:: Prompt ::
Retype the lines below exactly, but only those from the line that has "Heart Cremation Ring" through the line that has "Sony α7R IV". Omit every picture.

:: Supplied material ::
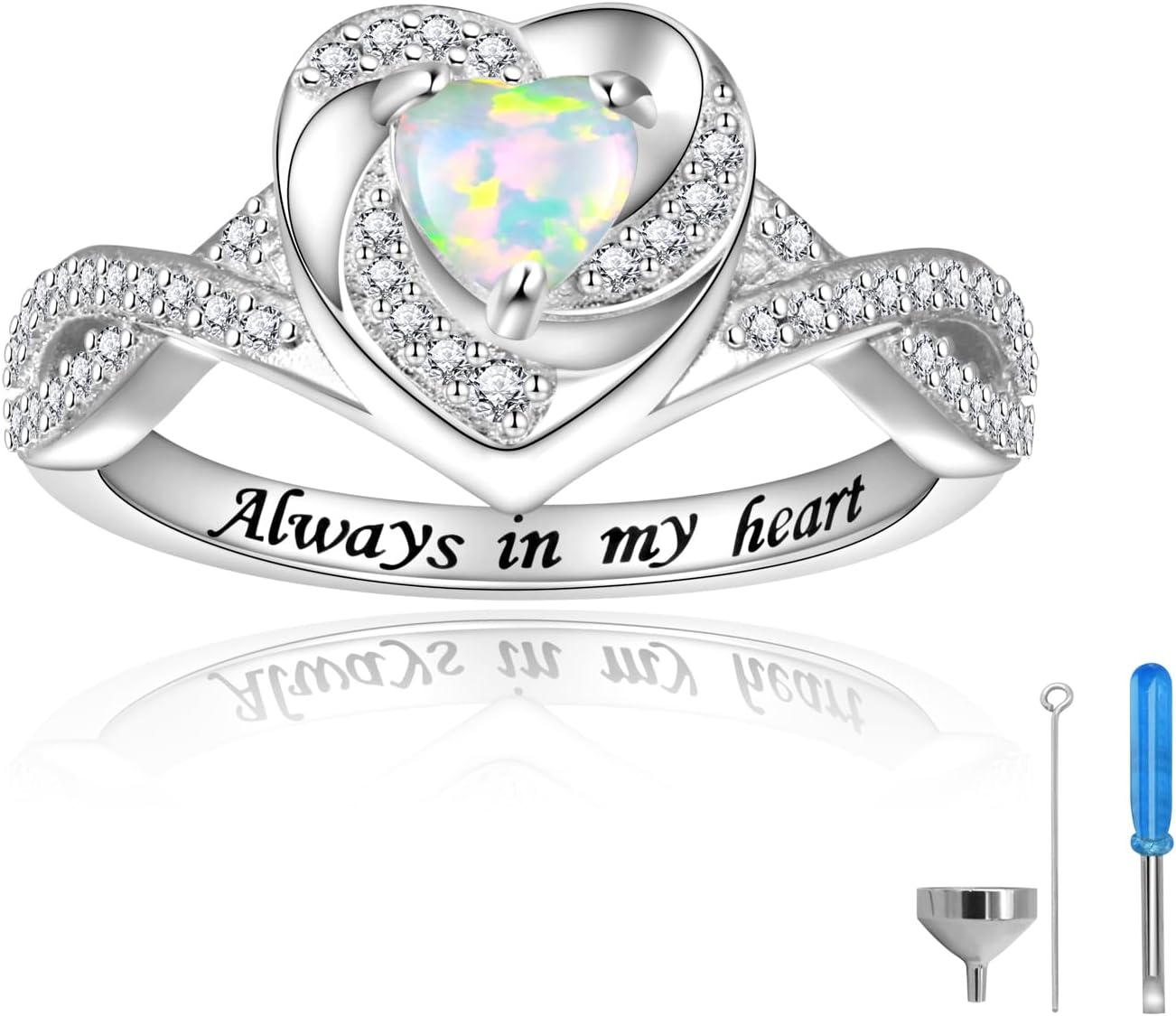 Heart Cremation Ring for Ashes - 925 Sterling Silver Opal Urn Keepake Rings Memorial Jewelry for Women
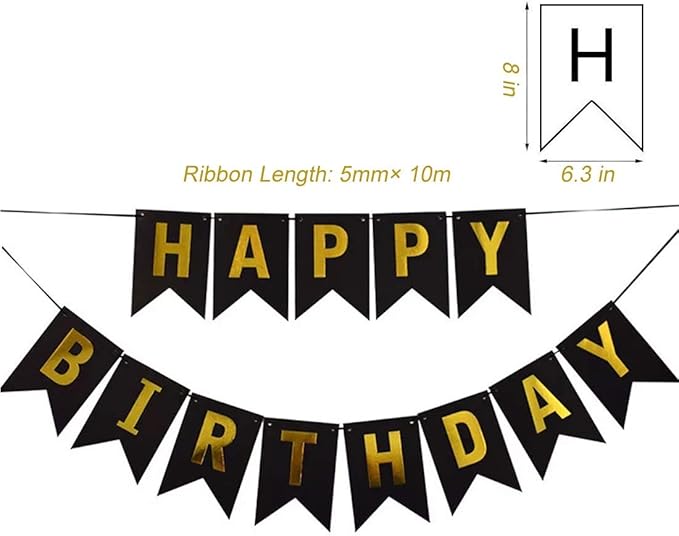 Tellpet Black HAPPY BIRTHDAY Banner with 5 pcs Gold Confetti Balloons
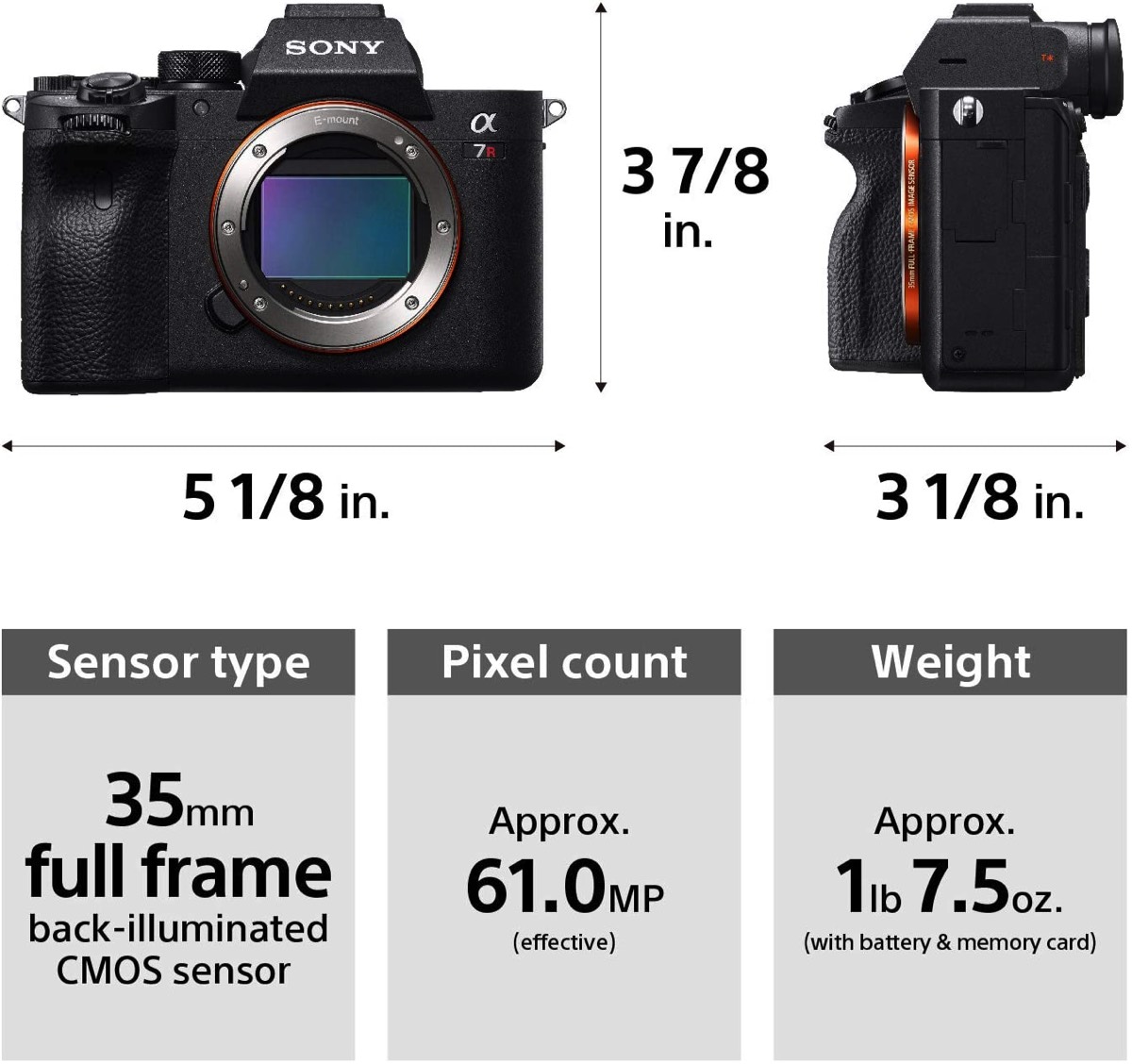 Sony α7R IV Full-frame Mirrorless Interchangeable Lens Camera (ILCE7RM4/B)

==

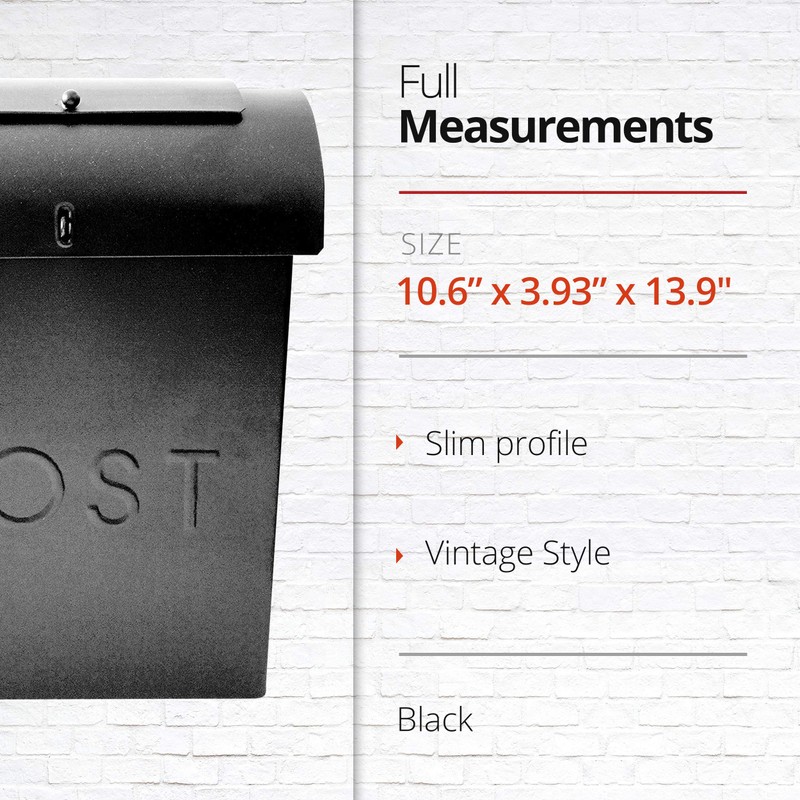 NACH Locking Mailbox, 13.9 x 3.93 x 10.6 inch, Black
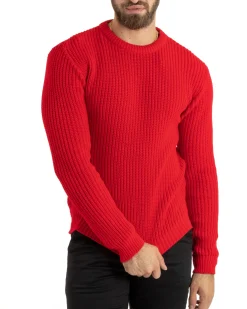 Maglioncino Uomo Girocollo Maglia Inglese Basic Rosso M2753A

:: Output for this task ::
 Heart Cremation Ring for Ashes - 925 Sterling Silver Opal Urn Keepake Rings Memorial Jewelry for Women
 Tellpet Black HAPPY BIRTHDAY Banner with 5 pcs Gold Confetti Balloons
 Sony α7R IV Full-frame Mirrorless Interchangeable Lens Camera (ILCE7RM4/B)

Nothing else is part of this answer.